◆ Requirement: Of the records that follow, copy only the lines from the line containing "BROSS SANTA CLAUS" to the line containing "nacholv92CAT's tweet image.", both included, exactly as written.

◆ Data provided:
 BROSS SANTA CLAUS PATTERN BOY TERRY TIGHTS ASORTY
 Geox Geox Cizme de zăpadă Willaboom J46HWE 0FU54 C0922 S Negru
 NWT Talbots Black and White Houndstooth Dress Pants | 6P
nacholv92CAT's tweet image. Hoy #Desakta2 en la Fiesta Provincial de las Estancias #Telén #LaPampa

...

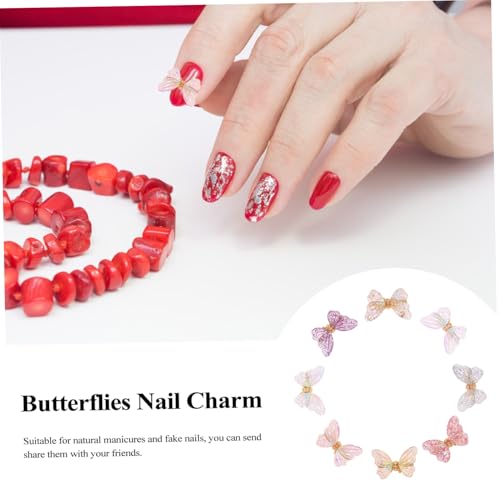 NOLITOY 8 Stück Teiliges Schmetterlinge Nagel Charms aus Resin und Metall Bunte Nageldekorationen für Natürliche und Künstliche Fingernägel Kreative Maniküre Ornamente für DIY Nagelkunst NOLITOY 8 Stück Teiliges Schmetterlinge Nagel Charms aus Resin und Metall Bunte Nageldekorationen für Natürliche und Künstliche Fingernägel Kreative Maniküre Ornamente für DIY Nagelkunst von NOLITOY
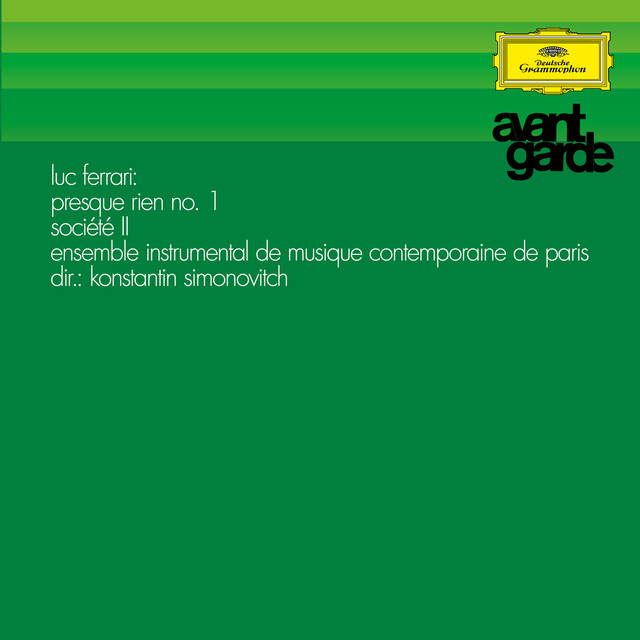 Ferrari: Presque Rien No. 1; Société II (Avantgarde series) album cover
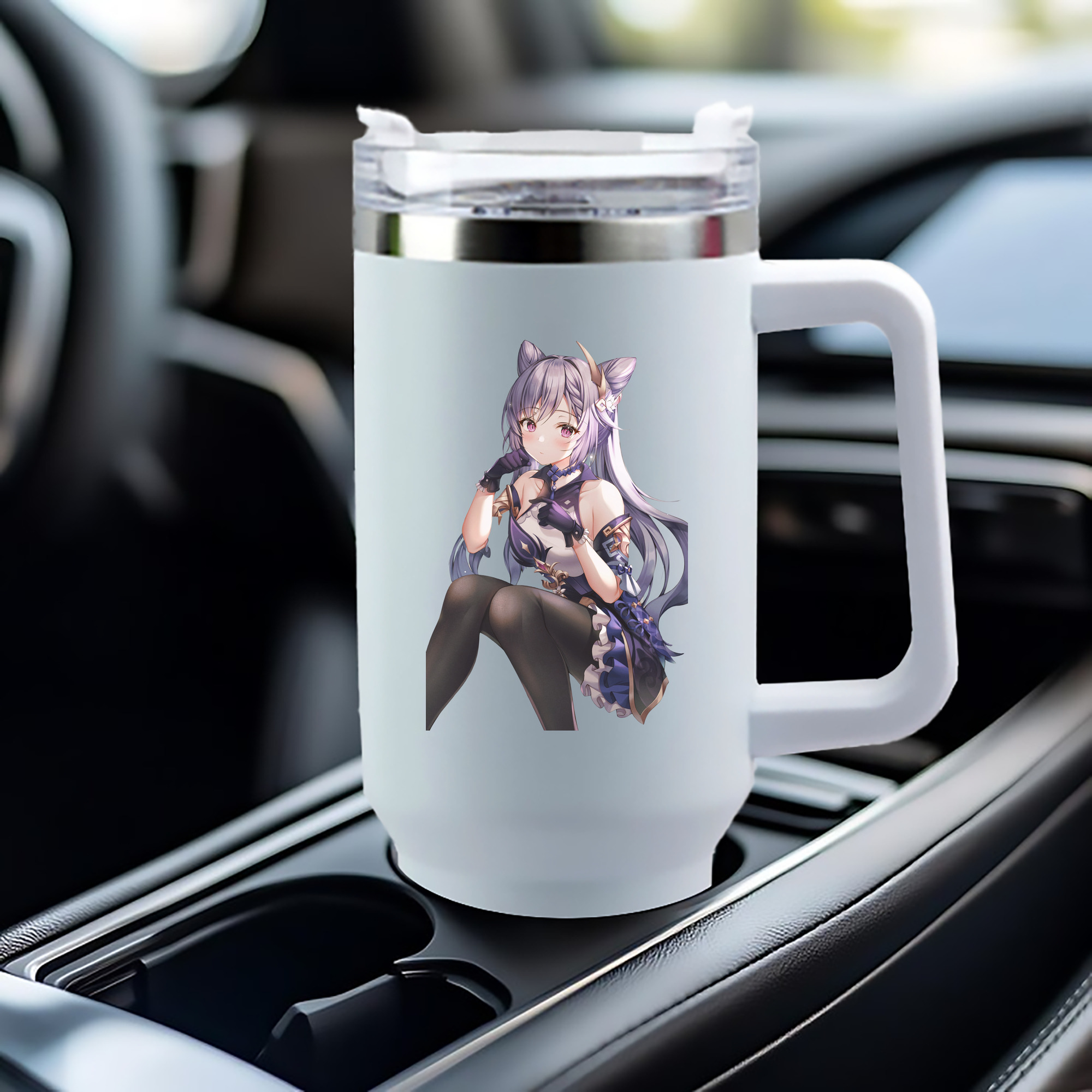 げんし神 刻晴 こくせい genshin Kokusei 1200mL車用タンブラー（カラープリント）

◆ Task output:
 BROSS SANTA CLAUS PATTERN BOY TERRY TIGHTS ASORTY
 Geox Geox Cizme de zăpadă Willaboom J46HWE 0FU54 C0922 S Negru
 NWT Talbots Black and White Houndstooth Dress Pants | 6P
nacholv92CAT's tweet image. Hoy #Desakta2 en la Fiesta Provincial de las Estancias #Telén #LaPampa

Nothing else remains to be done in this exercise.